By Cleaver Patterson.

Modern films can be hard to categorise: with so many increasingly open to different interpretations it is often hard to single out one core theme or trait. Fortunately though, this is not a problem often encountered by those that fall within the horror genre, and particularly for those screened at the CH4 FrightFest 2015, which took place at the VUE cinema in London’s Leicester Square over last summer’s August bank holiday weekend. Since the festival many of the films shown have received cinematic and DVD releases, with others due during the early months of 2016. Selected ones have also be available to download directly at home via the new social community-building label FRIGHTFEST PRESENTS, launched in the autumn by Icon Film Distribution in conjunction with FrightFest.

So, of the films shown during the festival which, if any, warrant closer attention from horror fans as well as the wider cinema going public? With several of the films screened having similar themes – witchcraft, possession, messing with your mind – it was quite easy to pare most together in a range of thematic duos, creating a virtual pick-and-mix of cinematic terrors. Witchcraft and the children of the devil have gone hand in hand with horror, since the very conception of the genre in the early days of cinema. As a result, you would think that two of the festival’s most eagerly anticipated films would have had everything going for them. Unfortunately, while both were visually strong – heavy on atmosphere and mood – each lacked that illusive, magic ingredient, which casts a spell on audiences.

Cherry Tree
Cherry Tree

One could be forgiven for thinking that a film like Cherry Tree – directed and written by David Keating and Brendan McCarthy respectively, who were responsible for the recent Hammer shocker Wake Wood (2010) – would provide some superior and edgy chills. However, despite a few effectively creepy moments, this tale of witches and bogeymen heavily laced with Celtic charm is, in the end, little more than a kid’s fairy tale spiced up for a teenage market. Set in contemporary, rural Ireland, the film follows Faith (Naomi Battrick) who, upon discovering that her father Sean (Sam Hazeldine) is dying of cancer, turns for help to Sissy (Anna Walton), her mysterious games mistress at school, who promises that she can help Sean, for a price. Unfortunately Faith soon discovers that Sissy’s assistance may cost her more dearly than she was initially led to believe.

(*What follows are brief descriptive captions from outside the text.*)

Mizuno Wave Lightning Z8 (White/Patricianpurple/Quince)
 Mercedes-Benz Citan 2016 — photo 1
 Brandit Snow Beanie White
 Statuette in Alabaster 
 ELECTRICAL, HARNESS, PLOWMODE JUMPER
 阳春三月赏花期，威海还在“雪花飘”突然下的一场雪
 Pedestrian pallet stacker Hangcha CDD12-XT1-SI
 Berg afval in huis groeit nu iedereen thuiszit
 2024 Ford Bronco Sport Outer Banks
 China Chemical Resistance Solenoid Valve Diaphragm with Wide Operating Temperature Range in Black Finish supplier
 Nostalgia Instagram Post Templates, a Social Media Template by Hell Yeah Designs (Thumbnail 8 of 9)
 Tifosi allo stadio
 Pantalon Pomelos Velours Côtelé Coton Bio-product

Several films in the past – including Night of the Eagle (1962) featuring Peter Wyngarde and The Witches (1966) with Joan Fontaine – have attempted to mix schoolroom drama with occult practitioners with varying degrees of success. Where these other films have succeeded by leaving much of the more grisly goings-on up to the viewer’s imagination, Cherry Tree succumbs to the modern belief that to achieve real horror you must show everything in all its bloody glory. Though Battrick and Walton give fine performances as the bewildered and increasingly terrified young Faith, and disturbingly sinister Sissy whose idea ideas for extracurricular activities are far removed from a traditional game of jolly hockey-sticks, this drama is more lacklustre hokum than feisty hocus-pocus resulting in an exercise which struggles to raise little more than a mild shudder, despite an admittedly unexpected twist in the closing frame.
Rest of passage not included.